The average classification errors (%) and standard errors (in parentheses) from 500 random splits of the spinal bone mineral density data.

Method	Logistic regression	SVM (Linear)	SVM (Gaussian)	LDA	QDA	Naive Bayes
Single	32.07 (4.19)	32.29 (4.20)	33.30 (4.40)	32.00 (4.16)	35.61 (4.58)	34.53 (4.80)
Majority vote	30.94 (4.07)	31.24 (4.23)	31.80 (4.16)	30.99 (3.93)	32.68 (4.31)	32.35 (4.11)
OOB weight	30.94 (4.13)	31.27 (4.18)	31.75 (4.18)	31.00 (3.98)	32.72 (4.32)	32.28 (4.07)

6. Conclusion and discussion

In this paper, we propose a new ensemble classification method for sparse functional data. Since observed curves are often sparse and irregular in real-data analyzes, we use FPC scores estimated using the PACE method. We then propose a bagged model combining classifiers based on FPC scores. Bagging is usually applied to the weak learners [20]. However, since we want to compare the performance of single classifiers and corresponding ensemble classifiers, we consider various learners including weak and stable classifiers.

We consider two aggregating methods, the majority vote and OOB error weighted vote, and compare their classification performances with those of the single classifiers. Our simulation results confirm that the proposed aggregated classification models outperform the single classifiers in various settings. Two real-data analyzes show the superiority of the proposed method.

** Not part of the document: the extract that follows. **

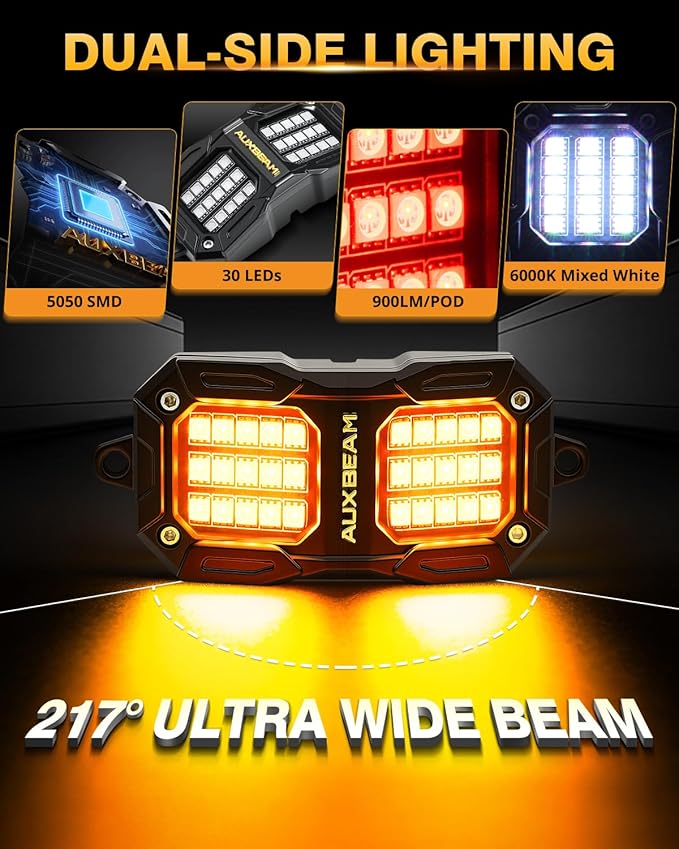 Auxbeam 4 Pods RGB LED Rock Lights Dynamic Color Changing with Brake Mode Wheel Well Lights w/Bluetooth APP+Remote Control Music Voice Sync IP67 Waterproof Underglow Kit for Trucks ATV 1 Year Warranty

The ensemble classification method can be easily extended to multi-class classification problems, where the aggregating method is expected to outperform single classifiers. Other ensemble methods such as boosting and stacking can also be used [14].

Funding Statement

This research is supported by the National Research Foundation of Korea (NRF) funded by the Korea government (2019R1A2C4069453) and Korea Institute of Energy Technology Evaluation and Planning (KETEP) and the Ministry of Trade, Industry & Energy (MOTIE) of the Republic of Korea (No. 20199710100060).

Disclosure statement

No potential conflict of interest was reported by the author(s).